# Jeep question



## atvriderinmass

Hey all you Jeep guys, I want to trade my Ranger in next year for a Jeep and was wondering is there certain years that you can put the heavy plows on? I have the Fisher Homesteader and it's great but i can't back drag with it . I need a heavier plow. I've looked on Fisher e match and they recommend it for some jeeps and not others. What Jeeps years,makes or models would be best to put a heavy plow on?


----------



## theplowmeister

atvriderinmass;1173391 said:


> Hey all you Jeep guys, I want to trade my Ranger in next year for a Jeep and was wondering is there certain years that you can put the heavy plows on? I have the Fisher Homesteader and it's great but i can't back drag with it . I need a heavier plow. I've looked on Fisher e match and they recommend it for some jeeps and not others. What Jeeps years,makes or models would be best to put a heavy plow on?


How about a backdrag edge on your plow?
Snoway with down pressure will backdrag.

I dont think any jeep, according to DOT will take a heavy plow. you will need to beef up the plow mounting to frame and add air bags or air shocks for the plow weight, and a hefty amount of COUNTER weight (I use 200 to 400 depending on the plow)


----------



## atvriderinmass

theplowmeister;1173552 said:


> How about a backdrag edge on your plow?
> Snoway with down pressure will backdrag.
> 
> I dont think any jeep, according to DOT will take a heavy plow. you will need to beef up the plow mounting to frame and add air bags or air shocks for the plow weight, and a hefty amount of COUNTER weight (I use 200 to 400 depending on the plow)

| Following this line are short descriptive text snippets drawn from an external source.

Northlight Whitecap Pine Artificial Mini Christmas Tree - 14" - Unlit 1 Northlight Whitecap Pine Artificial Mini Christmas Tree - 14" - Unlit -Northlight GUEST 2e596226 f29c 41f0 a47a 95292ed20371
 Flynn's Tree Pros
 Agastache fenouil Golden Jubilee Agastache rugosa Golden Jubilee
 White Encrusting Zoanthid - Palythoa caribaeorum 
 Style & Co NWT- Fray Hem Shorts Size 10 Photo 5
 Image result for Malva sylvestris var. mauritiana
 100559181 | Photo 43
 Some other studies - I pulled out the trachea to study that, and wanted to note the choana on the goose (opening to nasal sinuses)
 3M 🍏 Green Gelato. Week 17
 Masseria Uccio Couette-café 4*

You think i could put a backdrag edge on this light weight plow? Do you think the plow would work good with one on it cause its so light? Where could i get one? Don't think they make one for this plow. I was thinking about putting some weights on the plow but didnt want to mess anything up with the pistons.


----------



## sjwrangler

It depends on what you call HD? My Meyers plow weighs around 600#. Plowmeister's Boss is nearly 700#. How much heavier would you need? 
Plowmeister is much more up to date than me, but the earlier Jeeps can take heavier plows that the current models.


----------



## atvriderinmass

sjwrangler;1173704 said:


> It depends on what you call HD? My Meyers plow weighs around 600#. Plowmeister's Boss is nearly 700#. How much heavier would you need?
> Plowmeister is much more up to date than me, but the earlier Jeeps can take heavier plows that the current models.[/QUO
> 
> Well my homesteader is 270 and i would guess around 400 or 500lbs would back drag good. I'm wondering if i use timbens and air shocks in the front of my ranger would i beable to use a heavier plow. I looked at the FGAWR,RGAWR,GVWR on my ranger and they are all higher on my ranger than a jeep so i think it might be ok to do. What do you think? i wanted a steel plow cause you can push more snow and there is less chance of it breaking compared to the homesteader.


----------



## sjwrangler

I would imagine you might be able to put air shocks and timbrens on a Ranger, but who knows how well it will work. We know a heavier plow will work on Jeeps, and they are highly maneuverable. Jeeps are tough vehicles.


----------



## RangerDogg

I have a 05 ford ranger with a snowdogg 6'8" and it weighs almost 400.I have timbrens up front and put 600lbs in my bed and it plows great.I do reidential plowing with it.I live in lowell if you want send me pm and we can talk


----------



## KEC Maintaince

if you get a jeep try and get a Rubicon or a jeep that has the Dana 44 front and rear suspension mod already done. most jeeps come with the dana 30. yes you can plow with the 30 but not as strong as a 44 also you will need air shocks or air bags in a regular jeep. the Rubicon comes with 410 gearing and stiffer suspension. it will support the plow much better.


----------



## Ggg6

Forget the front Rubicon D44 it has the same GAWR as the D30 because most of it is D30 parts. The only thing D44 on the rubi front axle is the R&P and inner shaft splines. All else is the same parts as a D30. Axle tubes,inner c's, ball joints, u-joints, brakes, stub shafts, unit bearings,hubs, steering knuckles,,,all the same parts as a D30.


----------



## Mems

Ggg6;1180572 said:



> Forget the front Rubicon D44 it has the same GAWR as the D30 because most of it is D30 parts. The only thing D44 on the rubi front axle is the R&P and inner shaft splines. All else is the same parts as a D30. Axle tubes,inner c's, ball joints, u-joints, brakes, stub shafts, unit bearings,hubs, steering knuckles,,,all the same parts as a D30.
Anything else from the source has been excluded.